» EXERCISE INSTRUCTIONS: Pictures in the records are to be omitted; everything else is copied exactly.

» GIVEN DATA:
[Start of section]

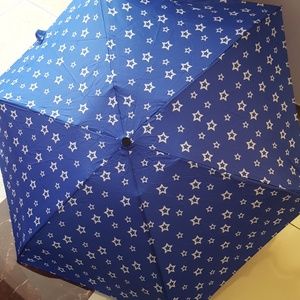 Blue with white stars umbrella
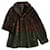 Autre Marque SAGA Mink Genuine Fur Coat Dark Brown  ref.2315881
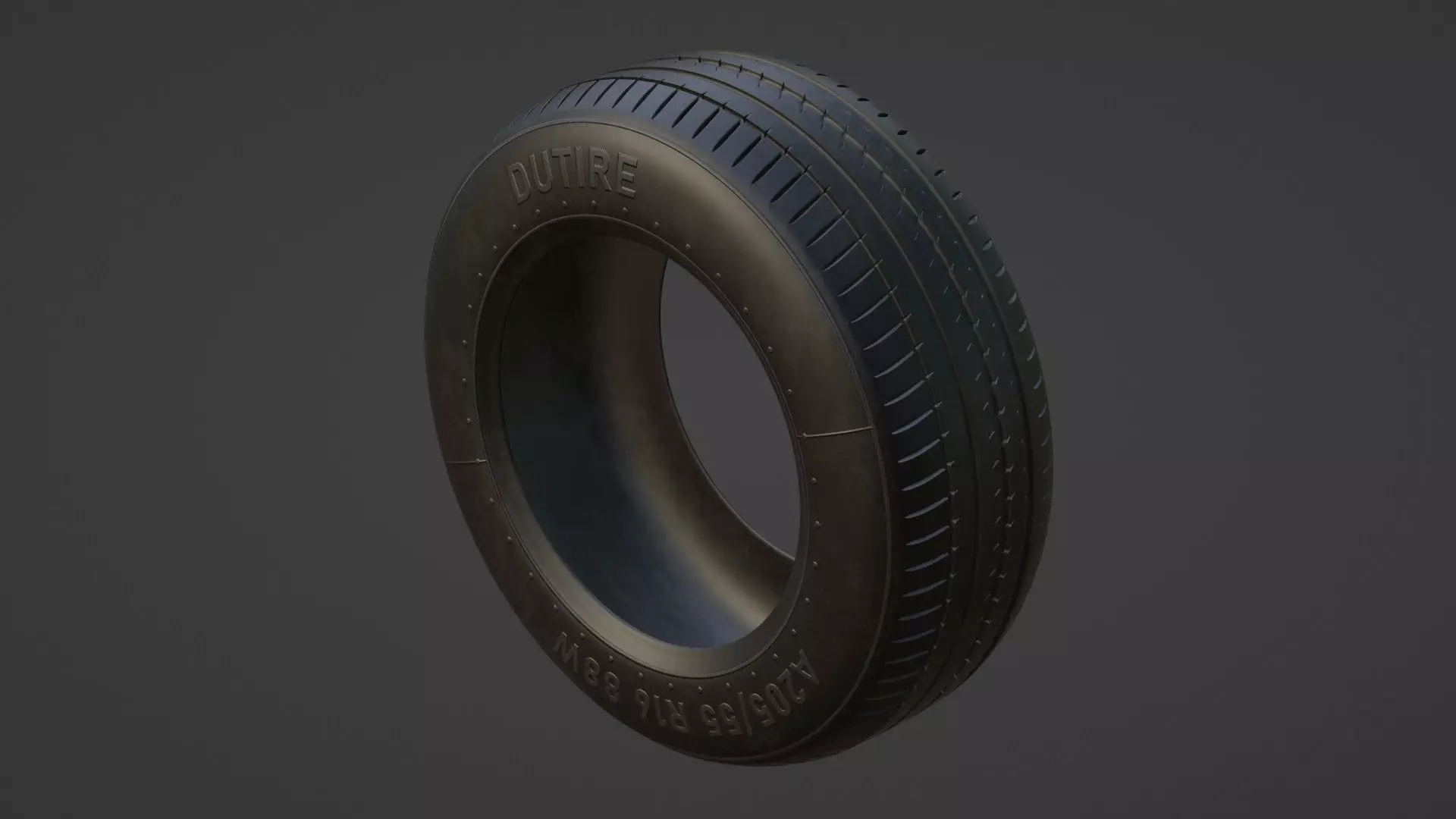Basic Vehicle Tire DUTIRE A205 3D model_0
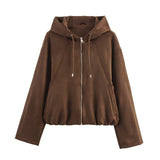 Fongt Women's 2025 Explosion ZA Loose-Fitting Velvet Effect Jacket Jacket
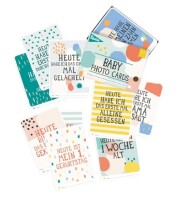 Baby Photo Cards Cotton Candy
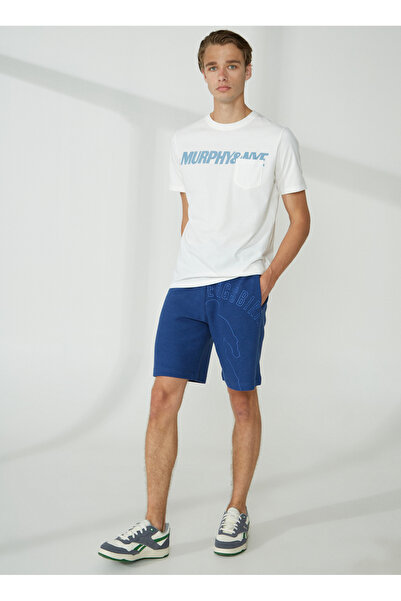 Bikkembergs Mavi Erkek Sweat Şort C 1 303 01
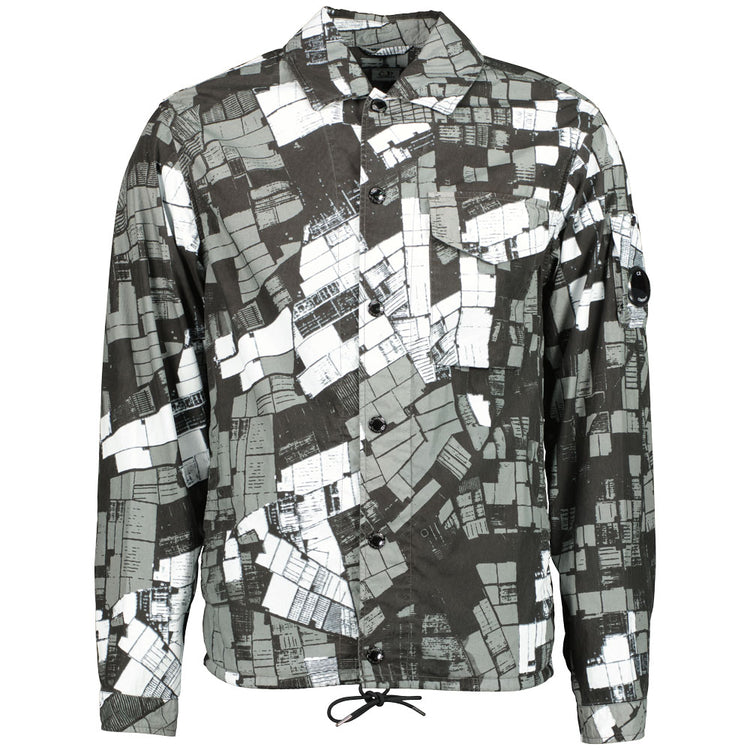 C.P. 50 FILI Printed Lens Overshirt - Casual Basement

[End of section]

» RESPONSE:
 Blue with white stars umbrella
 Autre Marque SAGA Mink Genuine Fur Coat Dark Brown  ref.2315881
Basic Vehicle Tire DUTIRE A205 3D model_0
 Fongt Women's 2025 Explosion ZA Loose-Fitting Velvet Effect Jacket Jacket
 Baby Photo Cards Cotton Candy
 Bikkembergs Mavi Erkek Sweat Şort C 1 303 01
 C.P. 50 FILI Printed Lens Overshirt - Casual Basement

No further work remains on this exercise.